LES NOUVELLES SOCIÉTÉS FONCIÈRES.

De tous les changemens qui se sont opérés dans les mœurs financières de notre pays, le plus grand, le plus inattendu à coup sûr, est, non pas peut-être encore l’indifférence, mais au moins le refroidissement de la passion publique pour la possession de la terre. Il est permis d’affirmer, sans qu’il soit besoin d’accumuler les preuves historiques ou les exposés statistiques, que pendant plusieurs siècles, le désir de participer à la propriété territoriale n’a cessé d’enfanter tous les mouvemens politiques et les crises sociales qui, du gouvernement féodal à la forme démocratique actuelle, ont successivement modifié notre régime intérieur. Or, dans ces dernières années, il est non moins évident que le torrent n’a plus la même rapidité et que le morcellement du sol, conséquence inévitable de nos lois de succession, n’est plus poursuivi avec la même furie.
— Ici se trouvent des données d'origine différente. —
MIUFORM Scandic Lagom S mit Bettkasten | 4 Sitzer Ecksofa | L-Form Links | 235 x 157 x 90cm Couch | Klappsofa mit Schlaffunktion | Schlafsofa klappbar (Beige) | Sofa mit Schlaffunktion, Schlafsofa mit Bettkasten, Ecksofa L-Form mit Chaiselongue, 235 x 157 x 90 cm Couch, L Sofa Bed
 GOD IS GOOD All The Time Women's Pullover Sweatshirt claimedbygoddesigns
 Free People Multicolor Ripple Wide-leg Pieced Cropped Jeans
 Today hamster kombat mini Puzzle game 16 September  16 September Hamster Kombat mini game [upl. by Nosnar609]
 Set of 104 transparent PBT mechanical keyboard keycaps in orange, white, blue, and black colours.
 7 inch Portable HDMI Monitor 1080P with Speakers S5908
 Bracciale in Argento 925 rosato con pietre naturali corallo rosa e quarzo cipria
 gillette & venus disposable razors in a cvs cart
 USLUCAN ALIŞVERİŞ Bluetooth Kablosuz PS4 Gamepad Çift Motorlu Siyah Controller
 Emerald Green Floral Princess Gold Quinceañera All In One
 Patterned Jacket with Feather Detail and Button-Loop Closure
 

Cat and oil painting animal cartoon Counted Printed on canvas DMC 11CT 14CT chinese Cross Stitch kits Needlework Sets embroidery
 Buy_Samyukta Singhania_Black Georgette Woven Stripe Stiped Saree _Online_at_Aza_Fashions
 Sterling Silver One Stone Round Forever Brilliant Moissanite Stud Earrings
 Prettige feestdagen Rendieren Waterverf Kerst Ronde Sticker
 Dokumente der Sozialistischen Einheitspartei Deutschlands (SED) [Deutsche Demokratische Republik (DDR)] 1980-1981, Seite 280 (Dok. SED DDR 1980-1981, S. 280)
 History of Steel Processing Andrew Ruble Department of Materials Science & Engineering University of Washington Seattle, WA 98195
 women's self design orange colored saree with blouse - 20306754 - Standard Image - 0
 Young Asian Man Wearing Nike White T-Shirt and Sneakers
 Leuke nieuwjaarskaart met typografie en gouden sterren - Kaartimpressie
Si, par exemple, le produit des droits perçus pour les mutations de propriété devient tel que, par leur fréquence, il fait presque absorber en renouvellemens périodiques la valeur totale de la propriété individuelle par la communauté ou l’état, — cette revendication extrême du socialisme, — ce n’est point à la volonté persévérante d’acquérir à tout prix une parcelle de la terre où vivent ses habitans qu’on est en droit de l’attribuer, mais au partage des héritages spécialement.